> **Required action**: Each line of the data must reappear exactly in your answer, with no images included.

> **Data block**:
════════
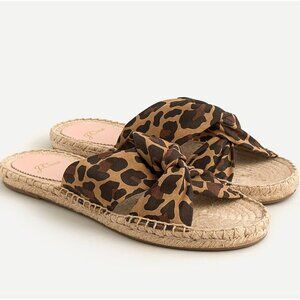 NWOT J. Crew Twisted-Knot Espadrille Sandals in Leopard Canvas Size 5.5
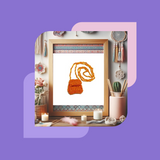 A promotional image for an online bead knitting workshop, featuring a completed beaded bag necklace displayed in a frame, surrounded by various decorative items on a purple background.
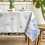 Floral Blue Rectangular Tablecloth 52x70 Inch 4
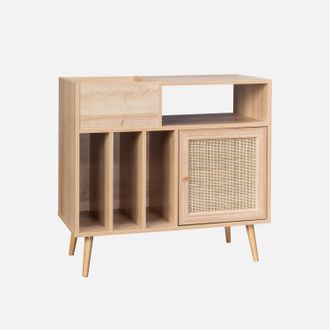Sweeek Muebles De Vinilo Con Decoraci&oacute;n De Ca&ntilde;a Y Madera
════════
> **Exercise result**:
 NWOT J. Crew Twisted-Knot Espadrille Sandals in Leopard Canvas Size 5.5
 A promotional image for an online bead knitting workshop, featuring a completed beaded bag necklace displayed in a frame, surrounded by various decorative items on a purple background.
 Floral Blue Rectangular Tablecloth 52x70 Inch 4
Sweeek Muebles De Vinilo Con Decoraci&oacute;n De Ca&ntilde;a Y Madera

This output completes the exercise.